Wavelet analysis method was applied to predict the low wear section with the Kymera hybrid drill bit to verify the application. Figure 6 shows the case study in Well C where the bit wear prediction on the pulling depth is Grade 1, while the actual dull grade of PDC part is Grade 1-1. Additionally, GR and RT logging data have been added to the present downhole formation information. For the whole bit life, MSE always presents the low value around baseline, which indicates that the bit stayed in a good condition. The calculation results from 3660 to 3665 m show PDC Grade 2 because a high RPM was applied to the drill.
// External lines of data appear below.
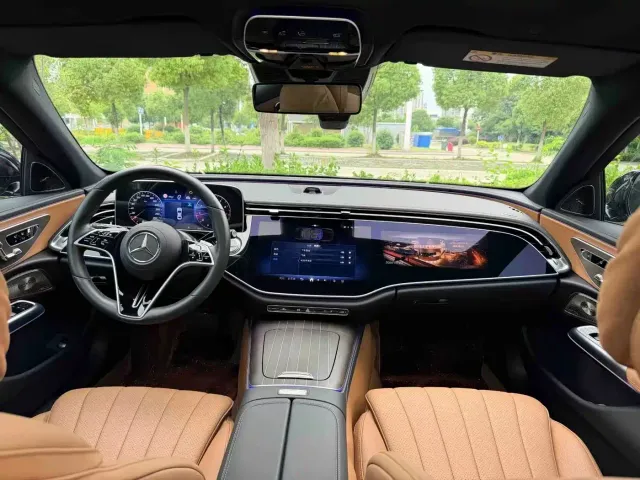 Mercedes-Benz E-Class — Фото автомобиля 4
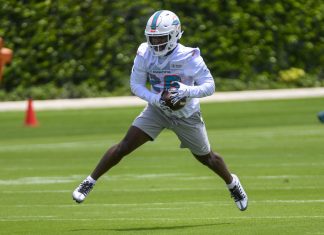 Dolphins Make $8M Contract Decision for Offensive Weapons, Contradict ‘Tanking’ Claims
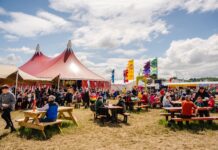 Yr Urdd yn diolch i Faldwyn wrth i filoedd heidio i gystadlu a mwynhau ar faes yr Eisteddfod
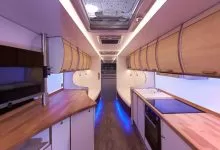 casa pe roti Neoplan Tourliner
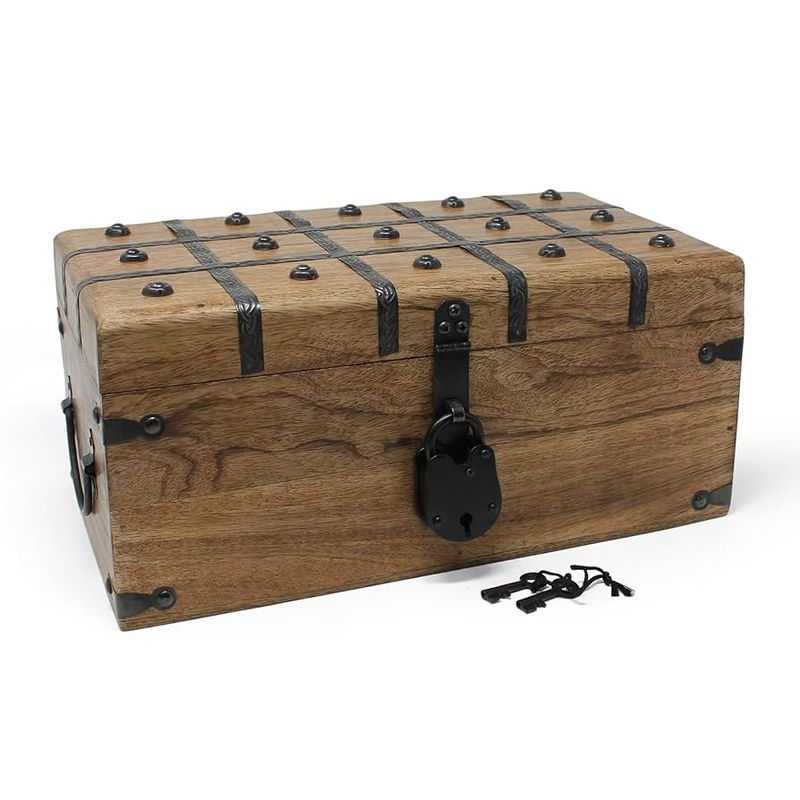 10 Types Of Antiques That Lose Value Over Time And 6 That Are Now Totally Worthless - Decor Hint Worn wooden trunks with missing hardware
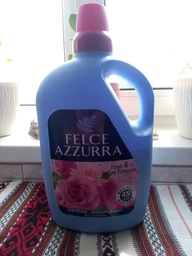 Ополаскиватель для белья Felce Azzurra "Rose & Lotus" 2 л фото от покупателей 4
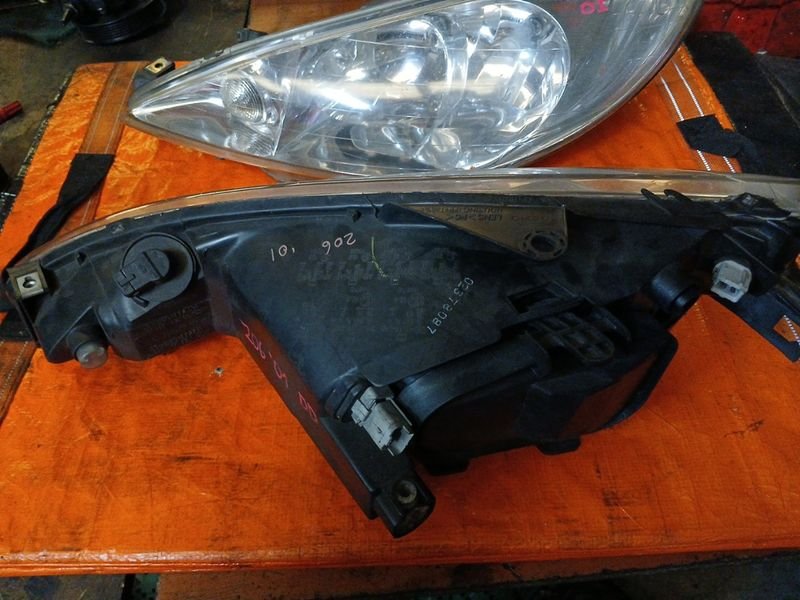 Ópticas Peugeot 206 - Imagen 2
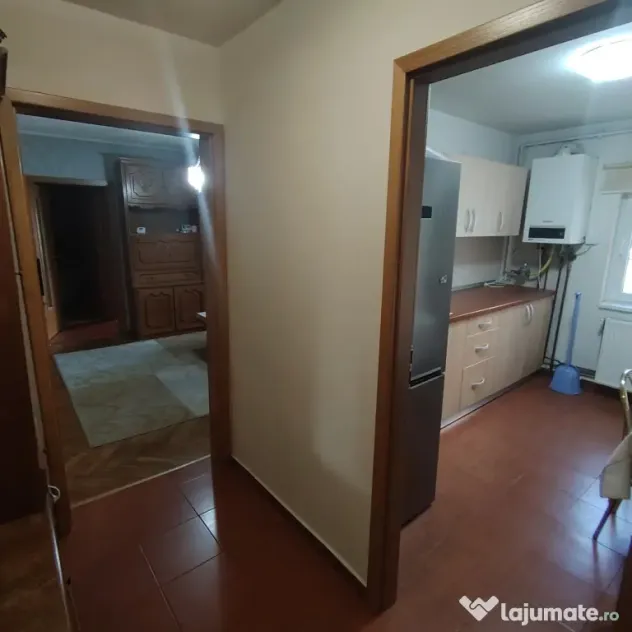 2 camere, etaj 1,Zona Soarelui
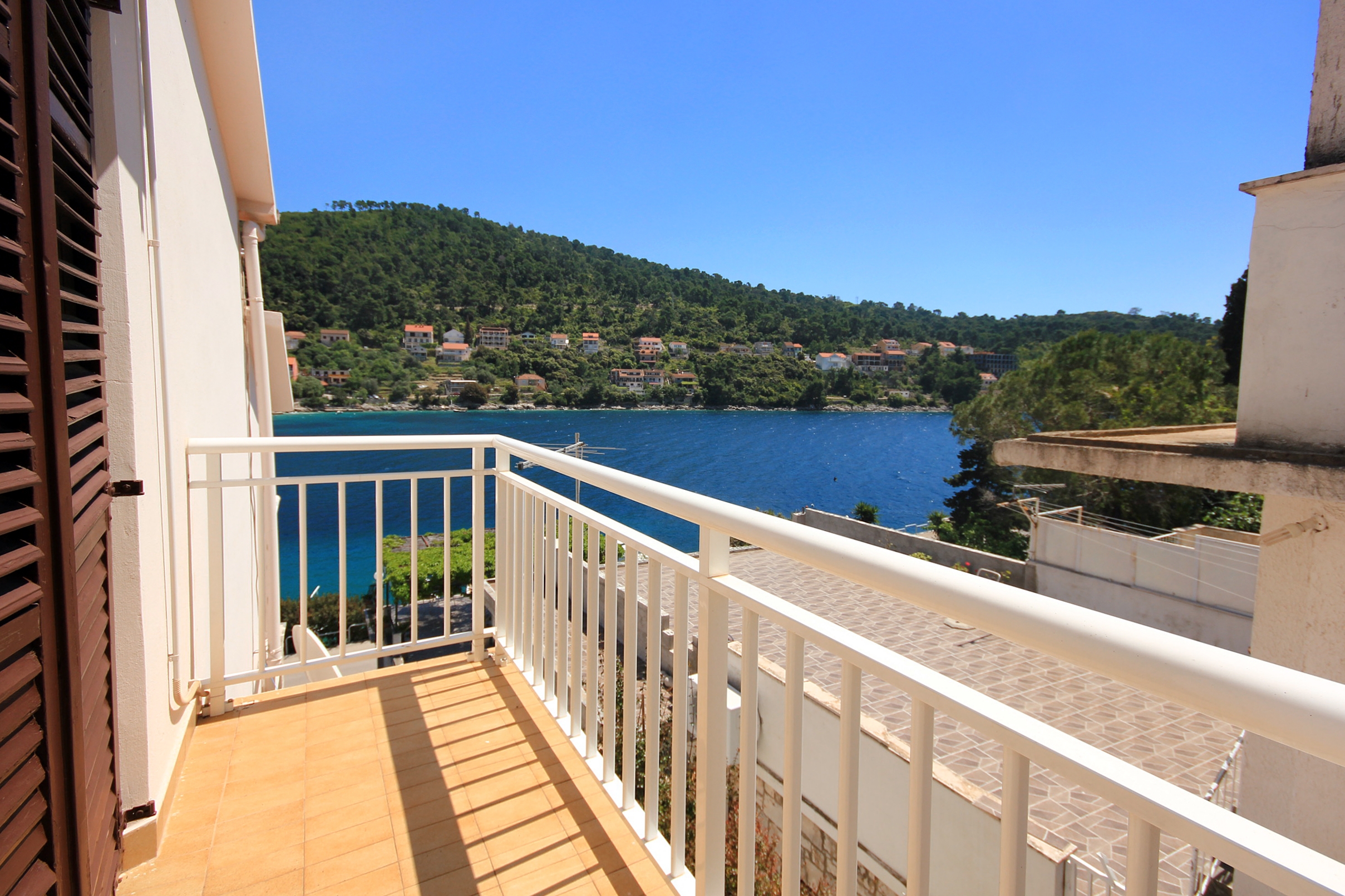 Two bedroom apartment with terrace and sea view Brna, Korčula  A-b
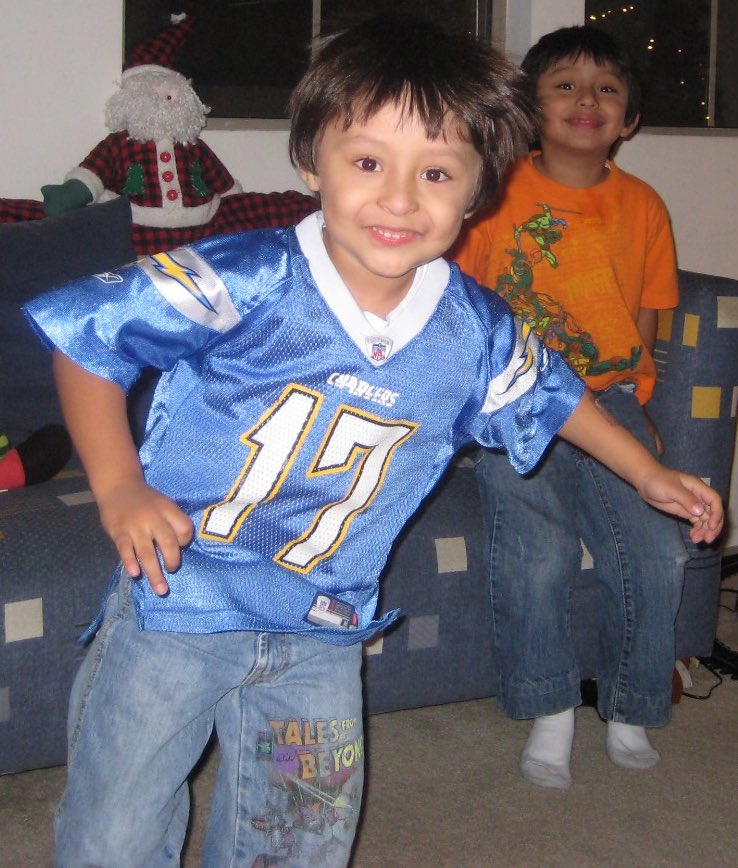 I am very excited to announce that I will be joining the Los Angeles Chargers⚡️as a Photo Assistant for the 2025/2026 season!

All glory goes to God for this amazing accomplishment! Huge thank you to <a href="/tynowell/">Ty Nowell</a> and @miajonesphotography for giving me the opportunity of a lifetime!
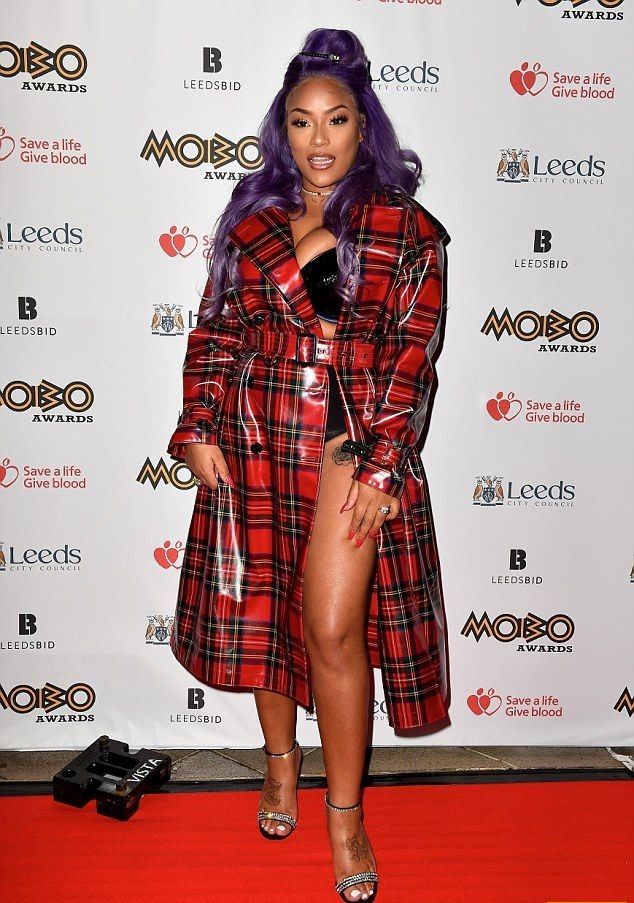 Грудастая рэперша Stefflon Don щеголяла в плаще, надетом прямо на нижнее белье!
The model considered that it will provide higher friction to the wear bit and it will present back to grade 1 once we slow down RPM. The wavelet analysis, however, precisely predicted the bit dull grade.

Fig. 6
figure 6

Wavelet analysis results with PCA component 1 of mud logger dataset in well C

This method has been applied in other several wells to testify the accuracy and has received successful prediction rate. The limitation and error analysis show that the sample input dataset is obtained using the linear model instead of the actual bit dull grade due to the limited usage of Kymera hybrid drill bit in the study area and the drill parameter applied on the new bit always has a large safety margin to reasonably reduce the wearing rate. Thus, the future work is to continue collecting the actual bit dull grade to improve the accuracy of the PCA model and the wavelet method. These methods are not applicable to a new bit drill first section with a large safe margin of limited drilling parameters because the model is mainly built for bit wear prediction with normal drilling parameters. One of the practical applications is to integrate the MSE, PCA and wavelet methods to cross-refer with the driller experience for a more precise, which will obtain the bit wear prediction closed to the reality before being pulled out of the hole. This will ultimately minimize nonproductive time and reduce the number of trips.

Conclusion

In this study, traditional methods like MSE and numerical analysis were introduced to real-time bit wear prediction with surface mechanics data. The multivariate data from the mud logger were separately calculated to present the current mechanical energy to monitor downhole drilling efficiency using the MSE method, reduce mud logger data dimension using the PCA method, compress the signal obtained from PCA using wavelet analysis and predict bit wear grade using the model method. Several case studies have been presented in this study to illustrate the advantages of the aforementioned methods and demonstrate the effectiveness of the bit wear prediction. These approaches enable real-time monitoring and bit wear grade prediction for timely and informed decisions while drilling, thereby minimizing nonproductive time by reducing the number of trips.